I thought it was interesting how my host in China put two 8-inch benchstones end to end when sharpening his cleaver


----------



## Mike9 (Jan 8, 2013)

Cool - Are they epoxied together, or just butted dry?


----------



## Noodle Soup (Jan 8, 2013)

I think they were just butted up dry against each other but I didn't try to pick them up so I'm not totally sure.


----------



## schanop (Jan 8, 2013)

I thought it could have been that the one up against the wall was there to prevent the one he's using for sharpening from slipping up on a slippery tile.


----------



## brainsausage (Jan 8, 2013)

schanop said:


> I thought it could have been that the one up against the wall was there to prevent the one he's using for sharpening from slipping up on a slippery tile.



My thoughts exactly.


----------



## Noodle Soup (Jan 8, 2013)

He was using the full length of both stones on his passes.


----------



## berko (Jan 8, 2013)

strange.


----------



## Crothcipt (Jan 8, 2013)

Noodle Soup said:


> He was using the full length of both stones on his passes.

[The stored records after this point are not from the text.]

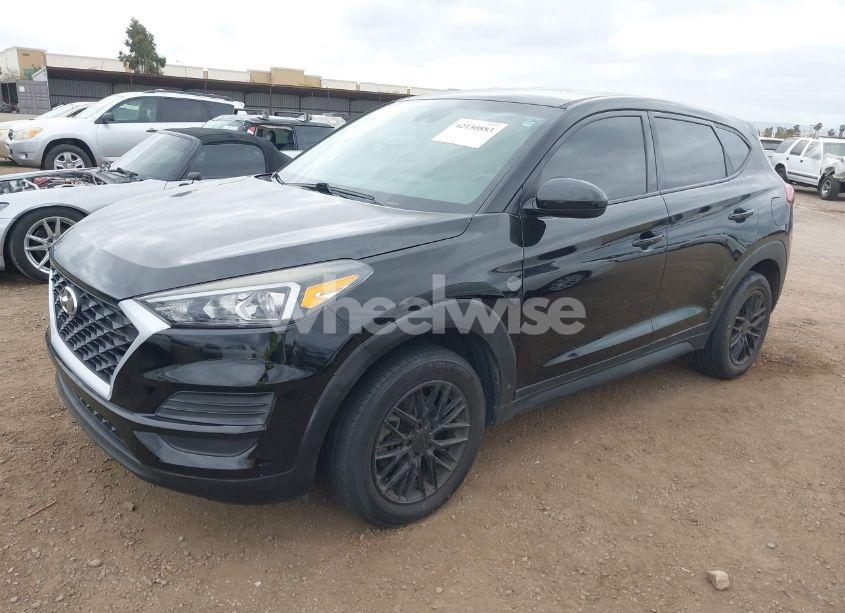 Photo 2 of 2019 Hyundai Tucson SE (VIN KM8J23A47KU938134)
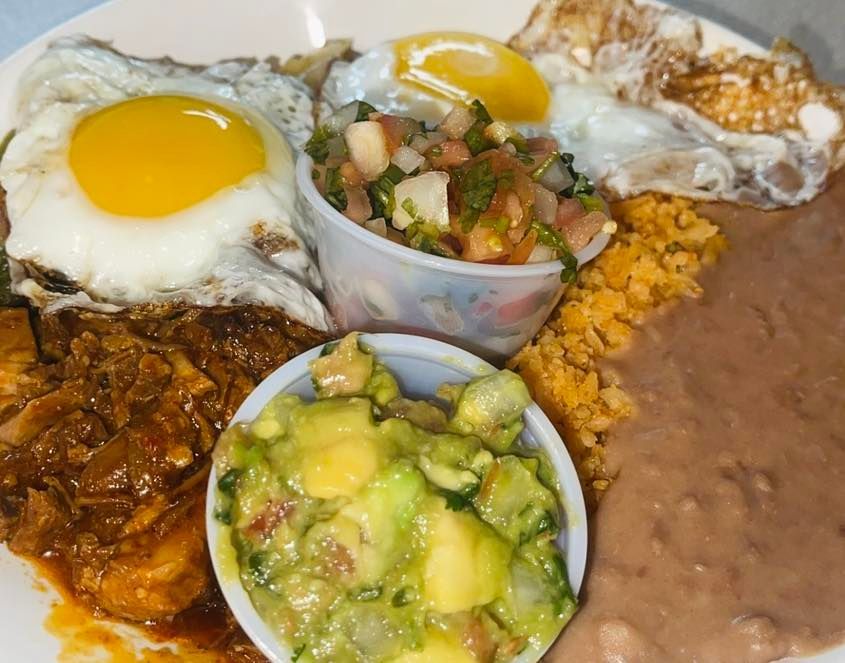 A breakfast plate with two fried eggs, stewed meat, Mexican rice, refried beans, salsa, and guacamole in small cups.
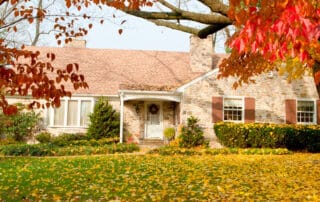 Exterior and front yard of a home with autumn trees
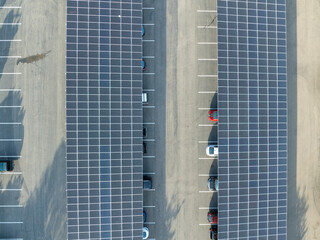 Aerial view of solar panels installed as shade roof over parking lot for parked cars. Photovoltaic technology integrated in urban infrastructure. High quality photo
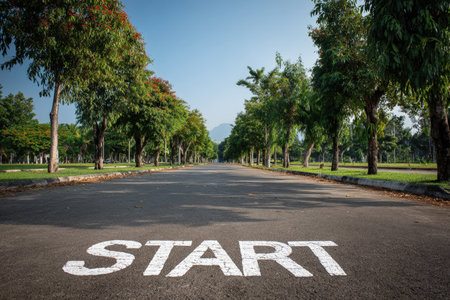 A long, empty road lined with lush green trees under a bright sunny sky. The word "START" is painted on the asphalt, symbolizing new beginnings and optimism.の素材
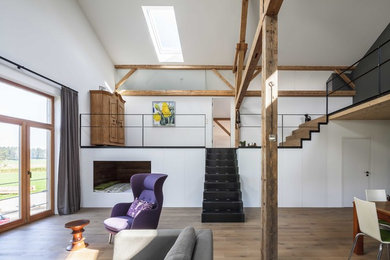 Modelo de salón abierto campestre de tamaño medio con paredes blancas, suelo de madera en tonos medios y suelo marrón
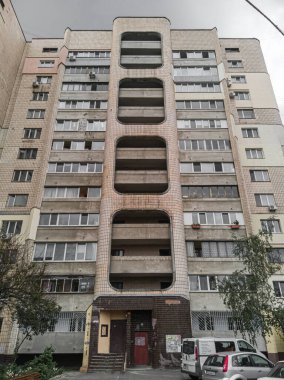 An old dirty residential multi-storey prefabricated concrete house in the style of brutalism in Eastern Europe. Kyiv, Ukraine - June 2021.
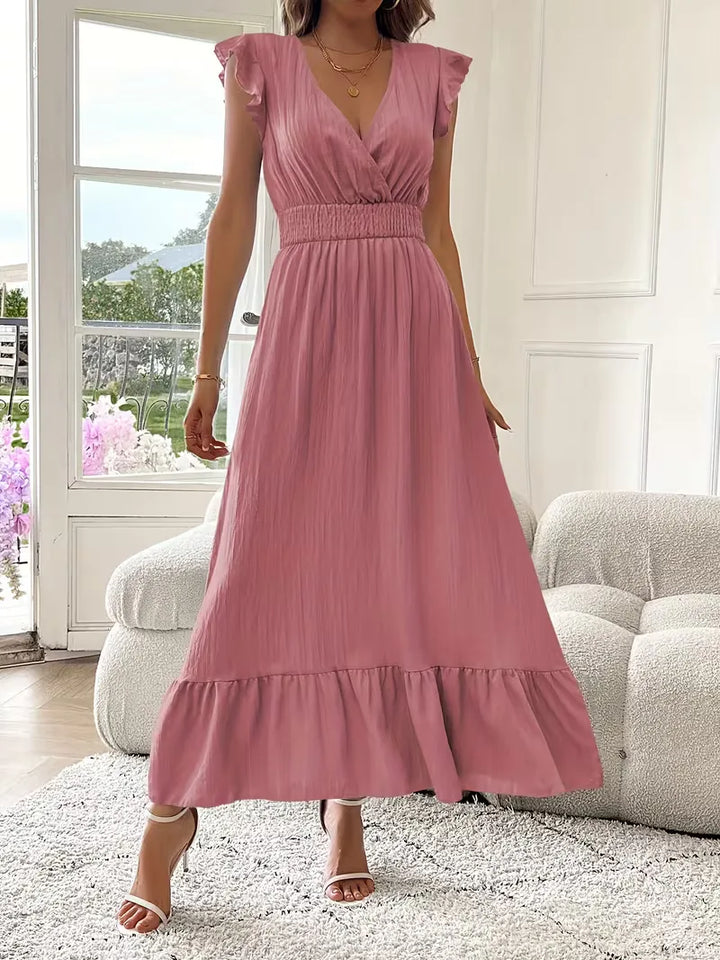 Dames avondjurk met V-hals en gelaagde maxi rok, perfect voor formele gelegenheden.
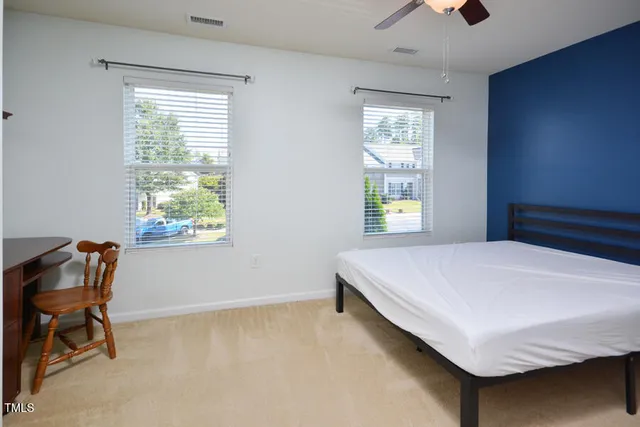 a bed sitting in a bedroom next to a window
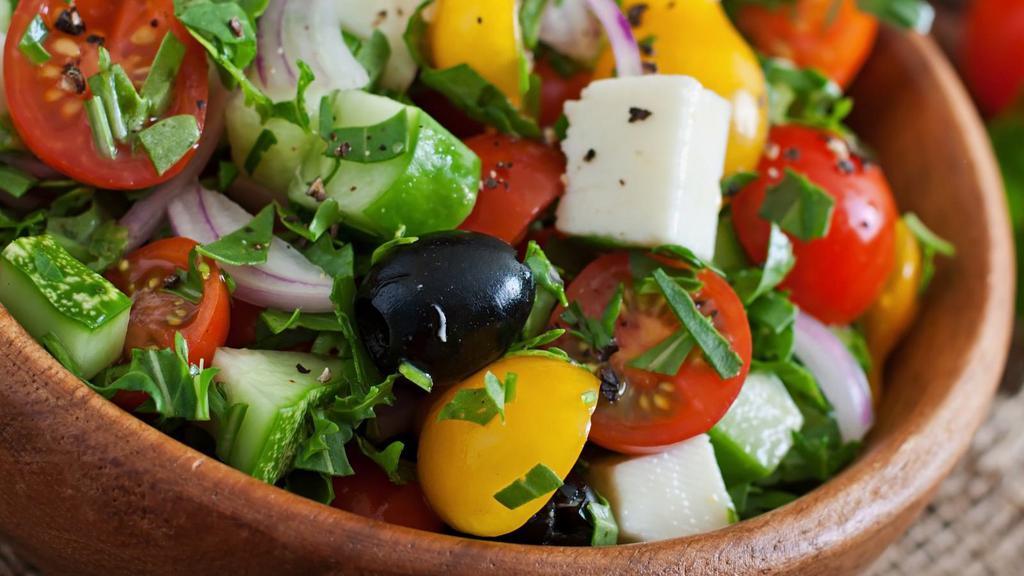 Greek Salad With Tzatziki · Delicious Romaine Lettuce Salad with Onion, Chopped Tomato, Cucumber, Pepperoncini, Feta, Greek Olive, Pita Chips, Greek dressing and Tzatziki.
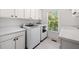 Well-lit laundry room with white cabinets, washer, dryer, and bright window at 414 Dogwood Way, Canton, GA 30114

wow I would be afraid that the split in the stones would cause problems.


----------



## 454Casull (Jan 8, 2013)

That looks very ergonomic.


----------



## Mike9 (Jan 9, 2013)

Crothcipt said:


> wow I would be afraid that the split in the stones would cause problems.



That's why I went with epoxy on a hunch. 

I dropped my stone fixer and it broke in two. I epoxied it together and leveled it with diamond plate so it's good to go again.


----------



## quantumcloud509 (Jan 9, 2013)

Sweet.


----------